Правление синагоги состояло из трех особ: старейшины, хазана и кантора. Первая должность, разумеется, скорее почетна. Хазан соблюдал ритуальную очередность, исполняя роль как бы распорядителя, и имел свое место близ кафедры. Он же вынимал из ковчега священные свитки и вручал их избранному для чтения. По обычаю назначали человека, ученого в Писании, то есть посвятившего жизнь изучению Торы, или Закона, под опекой повсеместно признанного раввина. В небольших селениях, где людей образованных маловато, читали самоучки, поднаторевшие в обрядовой практике; пройдя заштатную школу под рукой какого-нибудь раввина, они, столь прилежно корпевшие над книгами, пользовались некоторым авторитетом. Этой-то должности домогался Иуда - по всей видимости, религиозность глубоко укоренилась в семействе Иисуса.

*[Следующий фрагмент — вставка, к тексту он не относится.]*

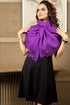 Magnolia Bloom | Embroidered Wool Silk Stole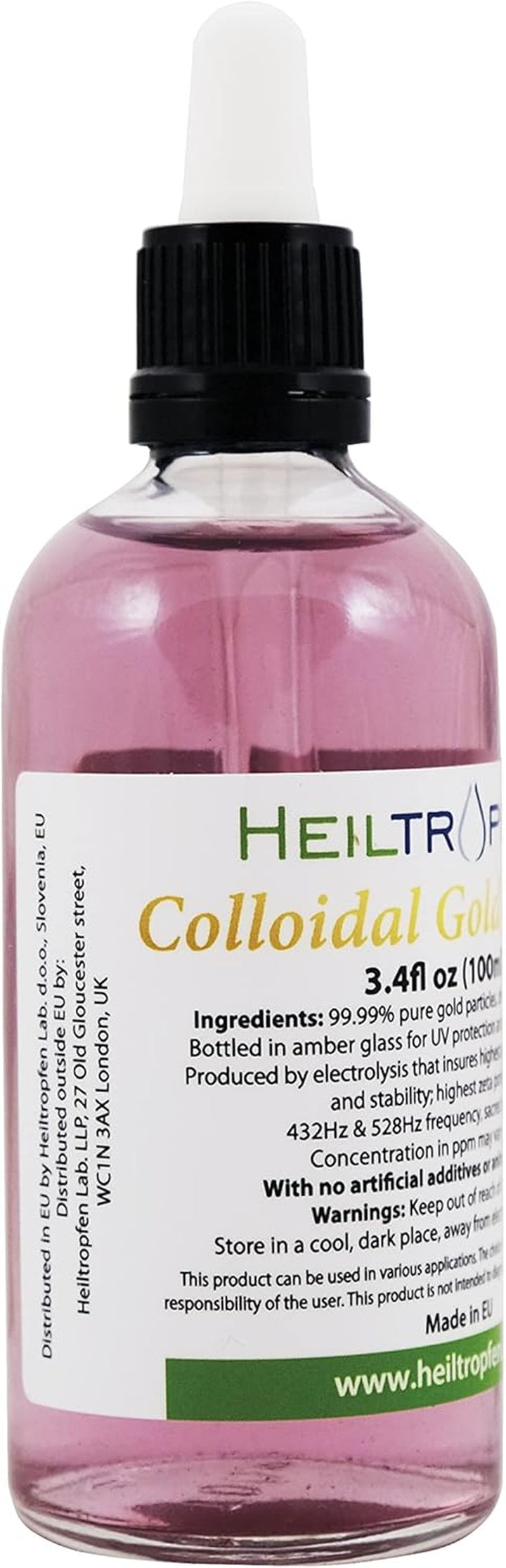 Colloidal Gold | 10 Ppm | 3.4 Fl Oz - 100 Ml | ®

Функции кантора ограничивались ритуальным пением; кроме безукоснительного знания обрядов, кантору подобало владеть правильным выговором и хорошим голосом. Безупречная репутация и внешняя представительность - непременные требования для всех троих: человек увечный, слабоумный или из скомпрометированной семьи не мог отправлять ни одной из должностей. Разве что был первейшим богатеем.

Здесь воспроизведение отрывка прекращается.